Depuis plusieurs années, Canal + s'est lancé dans une stratégie de création de séries en nous livrant chaque fois des œuvres abouties, pointues et en même temps terriblement divertissante. Nous pouvons bien sûr citer : « Le bureau des légendes », « Guyane » ou encore « Versailles ». Avec « L’Amie Prodigieuse », la chaîne cryptée se lance dans l’adaptions d’un roman populaire avec une collaboration internationale. Savério Constanzo qui avait signé une œuvre remarquable aux Etats Unis : « Hungry Hearts » avec Adam Driver, est donc le chef d’orchestre de cette adaptation, qui se veut fidèle et en même temps plus linéaire que ne l’est le livre de la romancière. Ici donc, nous suivons les pas de deux amies radicalement opposées en caractère et pourtant si proche en détermination dans une campagne napolitaine, déjà gangrenée par la mafia, mais surtout balisée par les codes d’une vie orchestrée au millimètre par des parents soucieux de l’honneur et toujours sous pression du regard des autres. Les jeunes filles s’ouvrent à la vie, aiment, détestent, ont des rêves et des déceptions et doivent se libérer de l’emprise des parents.

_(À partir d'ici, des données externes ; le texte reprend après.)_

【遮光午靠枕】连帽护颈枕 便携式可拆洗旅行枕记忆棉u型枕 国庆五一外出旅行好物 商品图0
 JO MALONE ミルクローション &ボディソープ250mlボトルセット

Eléna Ferrante a participé à la rédaction d’un scénario qui privilégie les sentiments au sensationnalisme et si l’on perçoit dans chaque attitude ou dans chaque action une défiance permanente envers l’une des familles réputées pour être proche de la mafia, il n’en demeure pas moins sobre et se concentre sur les sentiments perturbées, amochées par les choix parentaux, par les stratégies d’union, ou simplement par l’éloignement. Mais, pas seulement, car, à travers le regard de ces jeunes filles, le scénario nous décrit le quotidien d’une petite bourgade Napolitaine, où chacun à son avis à donner, où tout le monde parle fort, se dispute, mais partage en permanence comme si le village devenait une grande famille indissociable dont seuls les jeunes rêvent de d’évader pour espérer une vie meilleure, pleine d’une situation professionnelle forte et stable. Alors que la religion est volontairement mise de côté par le scénario, il pose pourtant des personnages centraux au cœur de l’intrigue : les parents bien sûr qui tentent parfois vainement d’imposer leurs décisions par les cris ou par la violence, mais il y a surtout l’institutrice, dont la parole est prise très au sérieux et qui peut avoir une position décisive dans le destin des unes ou des autres.

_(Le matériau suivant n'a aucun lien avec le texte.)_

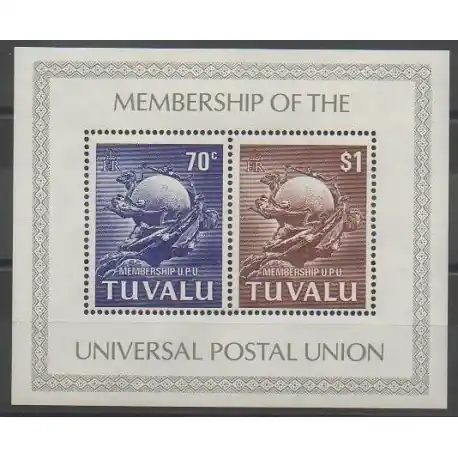 Nouvelle Collection Tuvalu - 1981 - No BF5 - Poste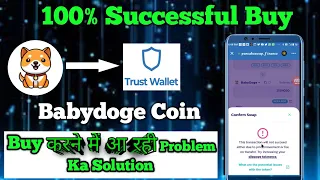 Babydoge Coin Buy in trust wallet !! Problem ka Solution !!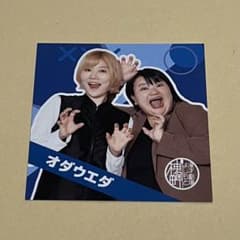 神保町よしもと漫才劇場 所属メンバー ステッカー オダウエダのサムネイル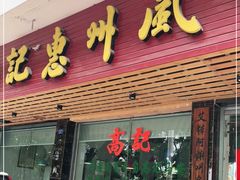 门面-高记惠州风味楼(惠城店)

Alors, si le scénario brille par une peinture fine et précise de cette société napolitaine coincée entre ruralité, traditionalisme et pression mafieuse, la réalisation, qui a pourtant soigné sa reconstitution ou s’amuse de certains éléments pour rendre plus poussiéreuse cette campagne et ces sentiments voilés d’une voile de poussière qui empêche la majorité de voir plus loin, elle pêche par une direction d’acteur un inexistante et une dynamique qui ne parvient jamais à trouver un véritable rythme de croisière. Les deux jeunes actrices principales, semblent pétrifiées dés lors qu’elles doivent aller un peu plus loin dans les sentiments contenus, les regards sont parfois vitreux et les mouvements un peu trop rigides, c’est particulièrement vrai chez Margherita Mazzucco, qui semble avoir beaucoup de difficultés avec ce corps. Et même si parfois elle laisse poindre une scène magnifique, notamment lorsque son personnage contient sa rage mais se laisse submerger par les larmes, nous la sentons un peu perdue dans cette entreprise qui la dépasse.

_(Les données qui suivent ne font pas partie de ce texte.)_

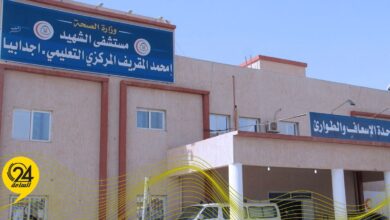 مستشفى "امحمد المقريف"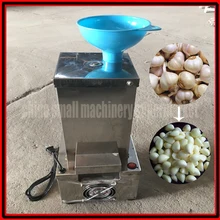 Чеснок из нержавеющей стали пилинг машина/Чеснок Овощечистка для небольшой емкости/удобный Чеснок пилинг машина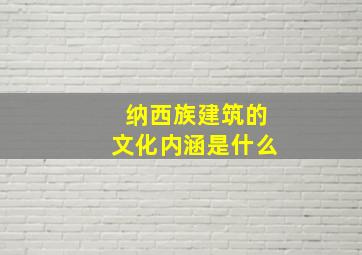 纳西族建筑的文化内涵是什么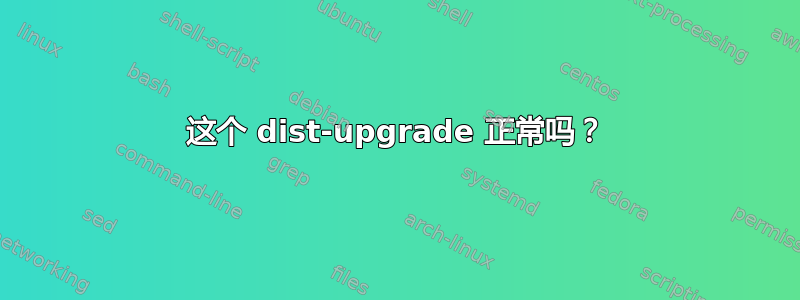 这个 dist-upgrade 正常吗？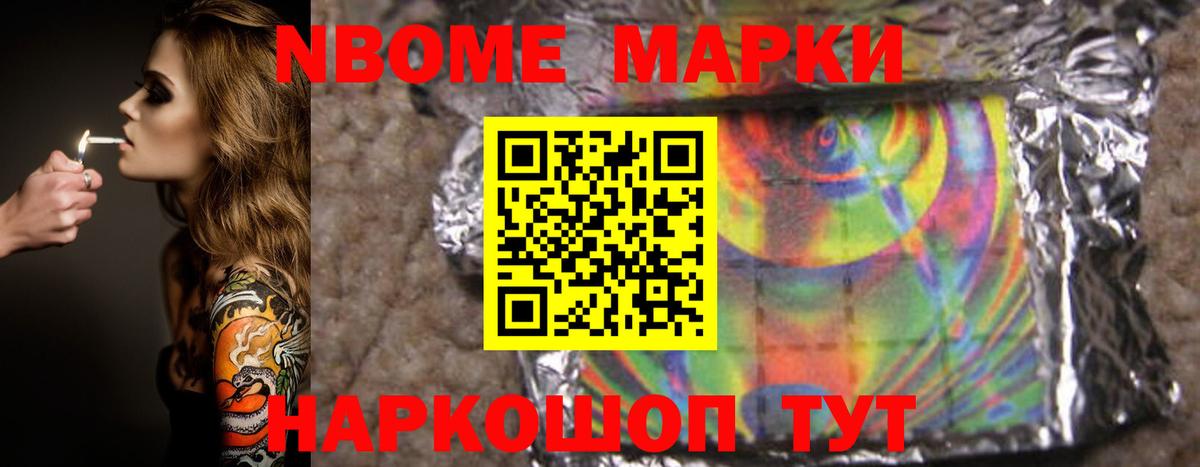 ЛСД экстази ecstasy  omg сайт  Волжск  Вход с VPN  LSD-25 экстази ecstasy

Pour conclure, Canal + nous a habitué depuis un plusieurs années déjà à suivre des séries de grande qualité qui ont la particularité d’être des créations originales. « L’Amie prodigieuse » est cette fois-ci, une adaptation d’un best-seller, qui plus est, une coproduction internationale avec HBO, notamment. Si le scénario nous entraîne dans une campagne napolitaine des années 50-60, la mise en scène souffre d’une direction d’acteur qui manque de soutien et ne les pousse pas assez loin.